[WHAT TO PRODUCE]:
All lines in the records below with the word "Photo" must be returned.
————————
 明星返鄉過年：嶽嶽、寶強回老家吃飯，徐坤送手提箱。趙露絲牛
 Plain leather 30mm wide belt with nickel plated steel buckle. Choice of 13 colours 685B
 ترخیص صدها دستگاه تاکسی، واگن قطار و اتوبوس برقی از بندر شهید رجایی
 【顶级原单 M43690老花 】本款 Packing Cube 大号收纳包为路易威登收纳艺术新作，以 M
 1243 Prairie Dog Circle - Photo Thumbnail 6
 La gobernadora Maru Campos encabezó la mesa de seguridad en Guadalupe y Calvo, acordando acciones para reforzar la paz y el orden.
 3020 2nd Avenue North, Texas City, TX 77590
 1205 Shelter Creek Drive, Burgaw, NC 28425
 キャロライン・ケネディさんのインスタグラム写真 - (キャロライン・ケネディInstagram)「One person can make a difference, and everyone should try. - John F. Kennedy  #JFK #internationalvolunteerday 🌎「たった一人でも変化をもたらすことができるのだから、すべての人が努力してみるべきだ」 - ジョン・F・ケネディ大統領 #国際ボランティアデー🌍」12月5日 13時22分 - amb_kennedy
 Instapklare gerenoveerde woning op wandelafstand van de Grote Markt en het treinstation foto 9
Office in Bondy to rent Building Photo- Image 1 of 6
————————
[TASK SOLUTION]:
 1243 Prairie Dog Circle - Photo Thumbnail 6
Office in Bondy to rent Building Photo- Image 1 of 6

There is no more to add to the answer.